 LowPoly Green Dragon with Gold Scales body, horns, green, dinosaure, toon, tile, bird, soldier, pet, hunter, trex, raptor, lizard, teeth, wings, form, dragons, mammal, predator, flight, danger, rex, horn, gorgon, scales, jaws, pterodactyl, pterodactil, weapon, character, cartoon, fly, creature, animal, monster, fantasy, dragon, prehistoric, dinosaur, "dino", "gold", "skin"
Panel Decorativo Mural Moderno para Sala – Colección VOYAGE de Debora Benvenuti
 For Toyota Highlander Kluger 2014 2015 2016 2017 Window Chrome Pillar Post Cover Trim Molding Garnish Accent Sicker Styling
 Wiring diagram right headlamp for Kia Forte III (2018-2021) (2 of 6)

··········

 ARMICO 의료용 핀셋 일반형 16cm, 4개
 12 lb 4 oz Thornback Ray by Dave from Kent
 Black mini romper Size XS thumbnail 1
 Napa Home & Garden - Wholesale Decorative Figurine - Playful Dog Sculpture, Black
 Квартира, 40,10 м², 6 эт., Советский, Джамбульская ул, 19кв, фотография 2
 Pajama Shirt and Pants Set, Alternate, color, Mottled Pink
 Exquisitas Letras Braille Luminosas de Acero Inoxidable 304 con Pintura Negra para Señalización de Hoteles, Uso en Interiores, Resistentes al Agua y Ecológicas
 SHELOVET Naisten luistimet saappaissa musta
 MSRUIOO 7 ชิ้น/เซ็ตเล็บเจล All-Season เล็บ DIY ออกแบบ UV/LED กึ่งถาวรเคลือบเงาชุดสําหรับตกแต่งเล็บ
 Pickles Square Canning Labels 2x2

··········

How to complete this task:
Return, unchanged, the run of lines above that opens with the line containing "MSRUIOO 7 ชิ้น/เซ็ตเล็บเจล" and closes with the line containing "Pickles Square Canning Labels 2x2". Include both.

Finished exercise:
 MSRUIOO 7 ชิ้น/เซ็ตเล็บเจล All-Season เล็บ DIY ออกแบบ UV/LED กึ่งถาวรเคลือบเงาชุดสําหรับตกแต่งเล็บ
 Pickles Square Canning Labels 2x2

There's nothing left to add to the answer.